Huffman Coding Algorithm

Last updated on July 13th, 2024 at 11:09 am

We will discuss the Huffman Coding Algorithm, pseudo code, Code implementation of Huffman Coding in C, Java, JavaScript, Python, advantages & disadvantages, and time complexity of Huffman Coding.

1. What is Huffman Coding Algorithm?

Huffman Coding is a common technique of encoding, including lossless data compression.

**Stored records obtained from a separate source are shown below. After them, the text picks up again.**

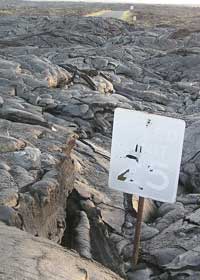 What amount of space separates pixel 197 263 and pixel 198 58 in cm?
1509

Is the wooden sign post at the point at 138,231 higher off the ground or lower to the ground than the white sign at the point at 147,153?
lower

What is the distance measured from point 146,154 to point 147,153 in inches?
0.5

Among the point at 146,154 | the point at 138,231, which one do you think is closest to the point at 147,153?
the point at 146,154

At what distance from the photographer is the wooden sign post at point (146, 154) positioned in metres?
4.56

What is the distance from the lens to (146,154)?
183 inches

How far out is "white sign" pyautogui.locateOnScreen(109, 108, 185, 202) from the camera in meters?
4.56

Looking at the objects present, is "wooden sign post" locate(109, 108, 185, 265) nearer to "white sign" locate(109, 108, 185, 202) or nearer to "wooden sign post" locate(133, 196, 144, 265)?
"white sign" locate(109, 108, 185, 202)

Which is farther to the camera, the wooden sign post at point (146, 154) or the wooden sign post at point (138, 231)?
the wooden sign post at point (138, 231)

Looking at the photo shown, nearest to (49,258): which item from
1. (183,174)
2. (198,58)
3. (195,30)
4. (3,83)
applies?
(183,174)

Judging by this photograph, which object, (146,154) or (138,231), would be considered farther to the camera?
(138,231)

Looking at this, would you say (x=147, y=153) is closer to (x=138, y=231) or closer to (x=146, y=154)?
(x=146, y=154)

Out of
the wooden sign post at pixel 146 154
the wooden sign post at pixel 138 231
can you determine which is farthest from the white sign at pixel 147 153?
the wooden sign post at pixel 138 231

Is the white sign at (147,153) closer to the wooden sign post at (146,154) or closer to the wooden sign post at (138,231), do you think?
the wooden sign post at (146,154)

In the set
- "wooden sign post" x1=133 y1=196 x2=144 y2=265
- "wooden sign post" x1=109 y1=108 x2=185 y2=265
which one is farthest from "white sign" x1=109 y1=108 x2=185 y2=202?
"wooden sign post" x1=133 y1=196 x2=144 y2=265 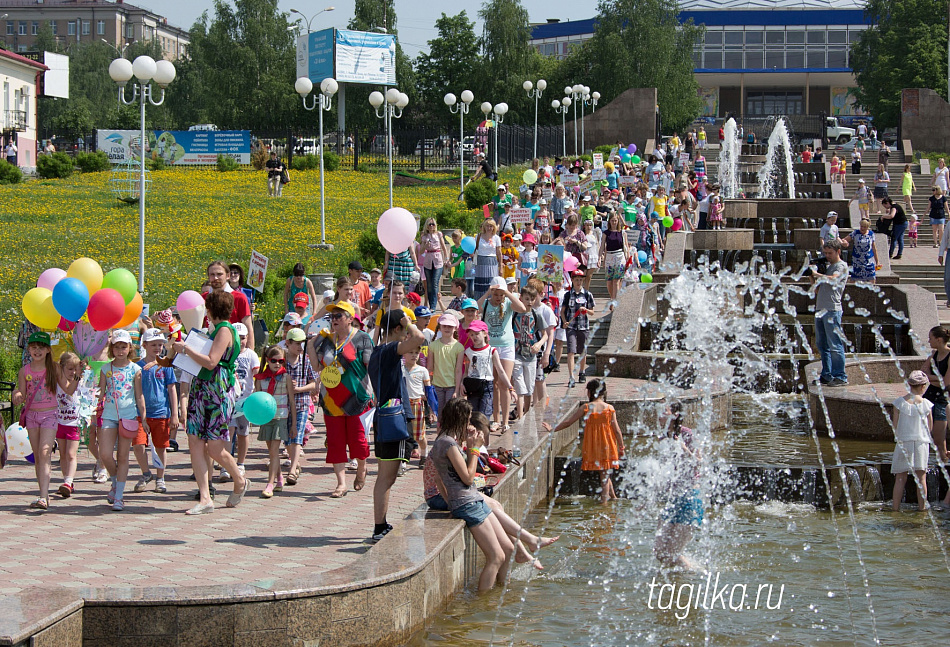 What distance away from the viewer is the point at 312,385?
9109mm

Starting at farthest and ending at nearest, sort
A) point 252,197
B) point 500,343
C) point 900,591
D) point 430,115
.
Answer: point 430,115
point 252,197
point 500,343
point 900,591

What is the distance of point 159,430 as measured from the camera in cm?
868

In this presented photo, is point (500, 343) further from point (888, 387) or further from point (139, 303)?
point (888, 387)

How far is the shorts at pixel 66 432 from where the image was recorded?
27.7 ft

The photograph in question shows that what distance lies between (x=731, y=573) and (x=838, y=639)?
4.08 ft

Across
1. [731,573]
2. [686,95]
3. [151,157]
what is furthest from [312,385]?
[686,95]

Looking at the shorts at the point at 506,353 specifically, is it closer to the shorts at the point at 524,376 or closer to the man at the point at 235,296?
the shorts at the point at 524,376

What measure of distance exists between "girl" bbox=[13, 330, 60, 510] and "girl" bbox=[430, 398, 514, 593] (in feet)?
10.2

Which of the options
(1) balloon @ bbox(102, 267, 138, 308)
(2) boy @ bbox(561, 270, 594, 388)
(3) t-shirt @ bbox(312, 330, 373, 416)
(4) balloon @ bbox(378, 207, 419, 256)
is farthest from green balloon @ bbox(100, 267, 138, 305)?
(2) boy @ bbox(561, 270, 594, 388)

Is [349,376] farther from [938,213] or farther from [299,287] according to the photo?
[938,213]

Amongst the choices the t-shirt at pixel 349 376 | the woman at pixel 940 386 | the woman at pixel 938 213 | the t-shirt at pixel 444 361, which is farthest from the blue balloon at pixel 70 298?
the woman at pixel 938 213

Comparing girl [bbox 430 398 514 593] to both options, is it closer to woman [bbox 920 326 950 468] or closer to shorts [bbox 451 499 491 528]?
shorts [bbox 451 499 491 528]

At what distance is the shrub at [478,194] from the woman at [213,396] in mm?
20102

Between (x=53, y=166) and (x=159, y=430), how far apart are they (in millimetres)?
35713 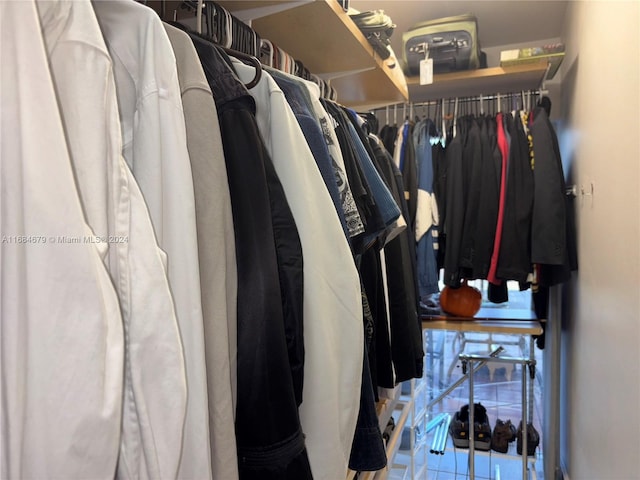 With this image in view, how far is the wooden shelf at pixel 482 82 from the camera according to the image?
2057mm

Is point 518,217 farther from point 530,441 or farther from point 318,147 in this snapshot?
point 318,147

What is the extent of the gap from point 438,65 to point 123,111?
196 cm

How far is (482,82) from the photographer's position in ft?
7.32

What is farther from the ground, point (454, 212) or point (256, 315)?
point (454, 212)

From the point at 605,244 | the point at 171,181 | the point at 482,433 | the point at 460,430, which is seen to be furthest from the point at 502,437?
the point at 171,181

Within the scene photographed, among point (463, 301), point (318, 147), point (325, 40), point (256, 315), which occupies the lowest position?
point (463, 301)

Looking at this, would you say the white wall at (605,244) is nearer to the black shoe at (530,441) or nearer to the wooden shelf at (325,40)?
the black shoe at (530,441)

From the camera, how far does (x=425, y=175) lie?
1.98 meters

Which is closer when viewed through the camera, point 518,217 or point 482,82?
point 518,217

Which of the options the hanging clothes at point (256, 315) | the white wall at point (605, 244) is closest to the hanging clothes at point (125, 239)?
the hanging clothes at point (256, 315)

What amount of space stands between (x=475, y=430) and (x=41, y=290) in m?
2.34

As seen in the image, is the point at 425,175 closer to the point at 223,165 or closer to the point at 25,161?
the point at 223,165

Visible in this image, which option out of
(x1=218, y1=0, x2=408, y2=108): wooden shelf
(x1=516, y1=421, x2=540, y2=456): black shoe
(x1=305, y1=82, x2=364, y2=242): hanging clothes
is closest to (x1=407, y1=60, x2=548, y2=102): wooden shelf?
(x1=218, y1=0, x2=408, y2=108): wooden shelf

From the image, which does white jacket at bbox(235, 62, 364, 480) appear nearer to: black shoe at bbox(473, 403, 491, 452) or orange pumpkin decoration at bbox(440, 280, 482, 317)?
orange pumpkin decoration at bbox(440, 280, 482, 317) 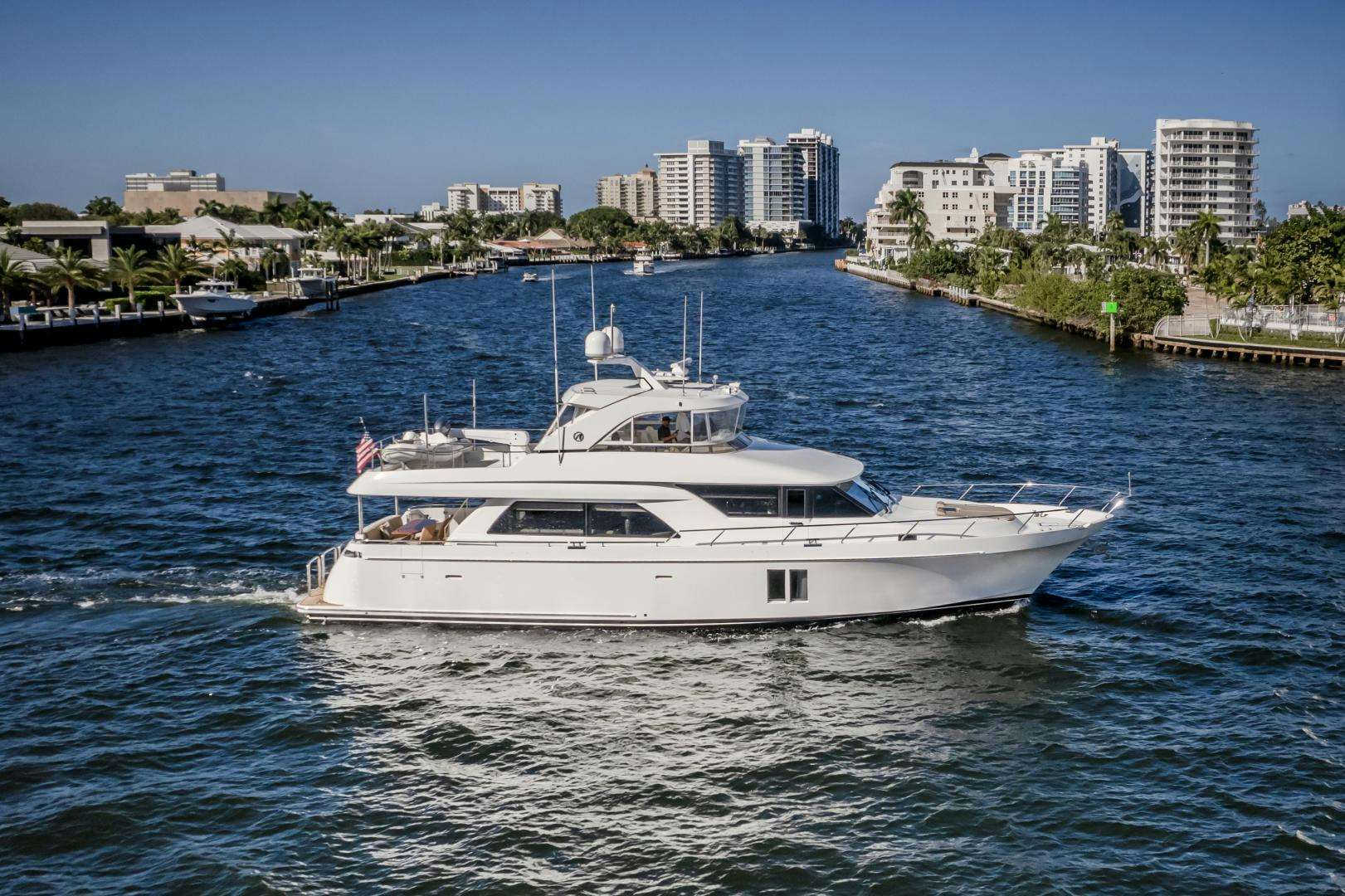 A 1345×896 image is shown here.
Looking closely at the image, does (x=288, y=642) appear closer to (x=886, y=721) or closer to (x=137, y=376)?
(x=886, y=721)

Huffman Coding is based on the frequency of occurrence of a data item (pixel in images). The main aim of Huffman coding is to encode the data that occurs frequently using less number of bits.

Code books store codes that are constructed for images. Both the code book and encoded data are transmitted to decode the information.

Huffman codes can be constructed using the following two ideas:

  1. For an optimum code, symbols that have high probability should be assigned shorter code words.
  2. To make optimum prefix code, two symbols that occur least frequently should be assigned the same length.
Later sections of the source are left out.